Europäische Union

Informationsaustausch verbessern

Die EU-Richtlinie über den Austausch von Informationen zwischen den Strafverfolgungsbehörden verpflichtet die Mitgliedstaaten, eine zentrale Kontaktstelle einzurichten, die für die Koordinierung und Erleichterung des Informationsaustausches zuständig ist.

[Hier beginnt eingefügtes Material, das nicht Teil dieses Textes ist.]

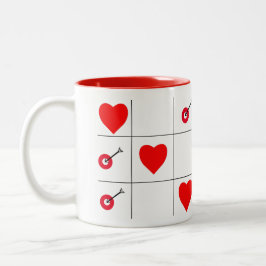 CANECA DE CAFÉ EM DOIS TONS AMOR VINHOS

Die EU will mit einem verbesserten Informationsaustausch zwischen den Strafverfolgungsbehörden der Mitgliedstaaten die grenzüberschreitende Kriminalität effizienter bekämpfen
Die EU will mit einem verbesserten Informationsaustausch zwischen den Strafverfolgungsbehörden der Mitgliedstaaten die grenzüberschreitende Kriminalität effizienter bekämpfen
© Gregor Wenda

Organisierte Kriminalität findet grenzüberschreitend statt. Dies stellt die Strafverfolgung vor zusätzliche Herausforderungen und gefährdet die Sicherheit in der Europäischen Union. Um die grenzüberschreitende Kriminalität effizienter bekämpfen zu können, bedarf es einer engen Zusammenarbeit zwischen den Mitgliedstaaten, insbesondere zwischen den Strafverfolgungsbehörden.

EU-Richtlinie.

Um den Informationsaustausch in rechtlicher und faktischer Hinsicht zu stärken, hat die Europäische Kommission am 9. Dezember 2021 einen neuen Richtlinienvorschlag vorgelegt. Die „Richtlinie über den Austausch von Informationen zwischen den Strafverfolgungsbehörden“ verpflichtet die Mitgliedstaaten, eine zentrale Kontaktstelle einzurichten, die für die Koordinierung und Erleichterung des Informationsaustausches zuständig ist. Die von Europol verwaltete Netzanwendung für sicheren Datenaustausch „Secure Information Exchange Network Application“ (SIENA) wird als Standard-Kommunikationskanal vorgeschrieben.

Grundsätze.

Für den Informationsaustausch gemäß der Richtlinie sollen fünf allgemeine Grundsätze gelten:

  • Nach dem Grundsatz der Verfügbarkeit sollen Informationen, die der zentralen Kontaktstelle oder den zuständigen Strafverfolgungsbehörden eines Mitgliedstaates zur Verfügung stehen, so weit wie möglich auch der zentralen Kontaktstelle oder den zuständigen Strafverfolgungsbehörden in anderen Mitgliedsstaaten zur Verfügung stehen.
  • Der Grundsatz des gleichwertigen Zuganges soll sicherstellen, dass die zentrale Kontaktstelle und die zuständigen Strafverfolgungsbehörden anderer Mitgliedstaaten generell den gleichen Zugang zu Informationen haben, wie ihre eigene zentrale Kontaktstelle und ihre eigenen Strafverfolgungsbehörden.
  • Dem Grundsatz der Vertraulichkeit nach müssen Mitgliedstaaten beim Umgang mit als vertraulich gekennzeichneten Informationen, die ihrer zentralen Kontaktstelle oder ihren Strafverfolgungsbehörden bereitgestellt werden, die nationalen Vertraulichkeitsvorschriften des jeweils anderen Mitgliedstaates achten, in dem sie ein ähnliches Maß an Vertraulichkeit sicherstellen.
  • Der Grundsatz des Dateneigentums besagt, dass Informationen, die ursprünglich von einem anderen Mitgliedstaat oder einem Drittstaat erlangt wurden, nur mit der Zustimmung dieses Mitgliedstaates oder Drittstaates und unter den von ihm festgelegten Voraussetzungen bereitgestellt werden.
  • Nach dem Grundsatz der Datenzuverlässigkeit sollen personenbezogene Daten, die sich als unrichtig, unvollständig oder nicht mehr aktuell erweisen, gelöscht oder berichtigt und alle Empfänger dieser Daten unverzüglich benachrichtigt werden.

Am 9. und 10. Juni 2022 nahm der Rat „Justiz und Inneres“ die allgemeine Ausrichtung zum Richtlinienvorschlag an. Danach begannen die Verhandlungen mit dem Europäischen Parlament.
Am 29. November 2022 einigten sich der Rat und das Europäische Parlament auf den finalen Rechtstext der Richtlinie.
Die Richtlinie trat am 12. Mai 2023 in Kraft und muss von den Mitgliedstaaten bis 12. Dezember 2024 umgesetzt werden.